Là où les autres ne voyaient que le gris d’un quotidien ennuyeux et pesant, il opposait les couleurs de la vie : le miracle d’un ciel bleu en plein mois de novembre, le rouge d’une guirlande lumineuse d’une soirée glaciale de décembre, l’orange d’une fleur résistante sous la pluie d’automne, le mauve d’un lilas parfumant les brouillards de mai. Je ne sais pas d’où lui venait cette aptitude si particulière ; je ne sais pas non plus s’il avait toujours été comme ça.

Quand je l’ai connu, il était entre deux âges et moi, qui était alors toute jeune, je le pensais déjà vieux. Il vivait seul, n’avait pas de famille et ne recevait quasiment pas de visites. Son appartement était situé sur le même palier que le mien et, par un hasard incroyable, au lieu de se battre pour une illusoire question de territoire, nos deux chats étaient devenus les meilleurs amis du monde. C’est comme cela que nous avons fait connaissance. Peu à peu, nous avons sympathisé et, nous avons commencé de nous fréquenter. Le soir, en rentrant du travail, je m’arrêtais chez lui, boire un verre de limonade, et discuter un moment. Je gardais cette habitude même après mon mariage et même après la naissance des enfants qui virent dans ce vieux voisin un grand-père supplémentaire.



Dès les premières semaines, j’avais été stupéfaite par ce regard positif qu’il portait sur chaque chose et chaque être. Cette façon d’être me faisait du bien, me permettait de relativiser Mais le jour où mon chat mourut, après une quinzaine d’année de compagnonnage fidèle, cet optimisme, pour la première fois, me dérangea. Je savais bien qu’il avait raison, que cette disparition était naturelle et somme toute, heureuse car peu de chats ont ainsi la chance de s’éteindre tranquillement dans leur sommeil. Mais tout de même, mon chagrin à moi était bien réel et sa façon de tourner les choses me donnaient l’impression de ne pas en avoir le droit ou pire, de ne pas être normale. Mais je mis cela sur le compte de mon deuil et oubliais rapidement mon ressentiment.

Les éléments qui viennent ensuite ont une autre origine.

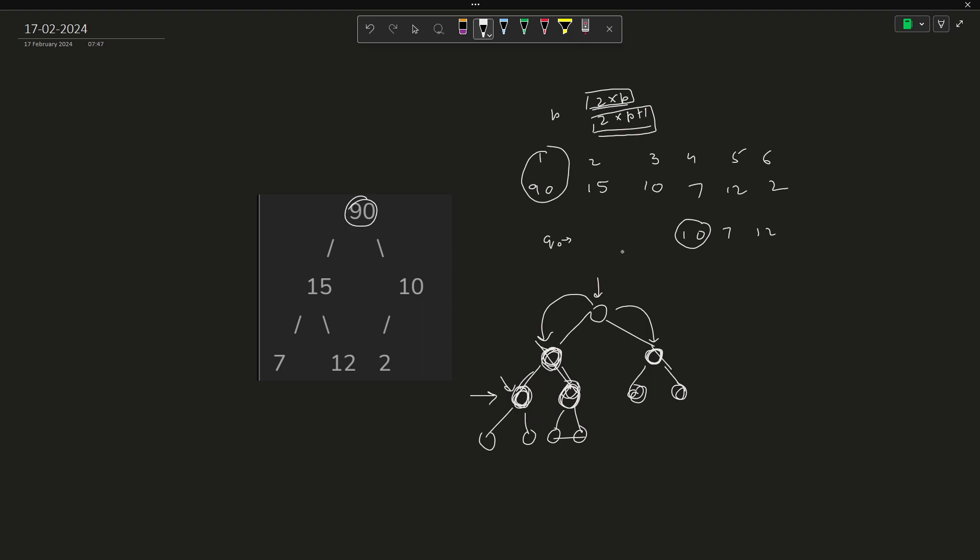If it has children, then what are their values? For example, I consider this particular 15. So I have 15 here. What are going to be the children of 15? 7 and 12. Those should be at position 2 into 2 and 2 into 2 plus 1, that is 4 and 5. So 4 and 5, 7 and 12 are present. This is another way of checking this particular thing.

Mon voisin n’eut pas la chance de mon chat et fut emporté par un cancer terriblement douloureux. Je lui rendis visite à l’hôpital, autant que je le pus. Il ne disait plus rien, n’ouvrait quasiment pas les yeux. Je n’osais pas lui demander comment il se sentait tant la réponse pouvait sembler évidente au vu des circonstances. Le fait est qu’avec lui, je n’en savais objectivement rien !



Nous étions trois pour assister à son inhumation. Moi, mon mari et le concierge de l’immeuble. Ce désert humain me sembla indécent, je ne concevais pas qu’on puisse à ce point être isolé. Pas un membre de sa famille, pas un ami, pas un ancien collègue, un camarade de régiment, un voisin d’enfance, une vague connaissance. Personne. Ma sidération fit place à la curiosité. Je voulais découvrir qui était ce voisin que j‘avais côtoyé pendant des années sans finalement jamais vraiment le connaitre. Je décidais de partir à la recherche de son histoire.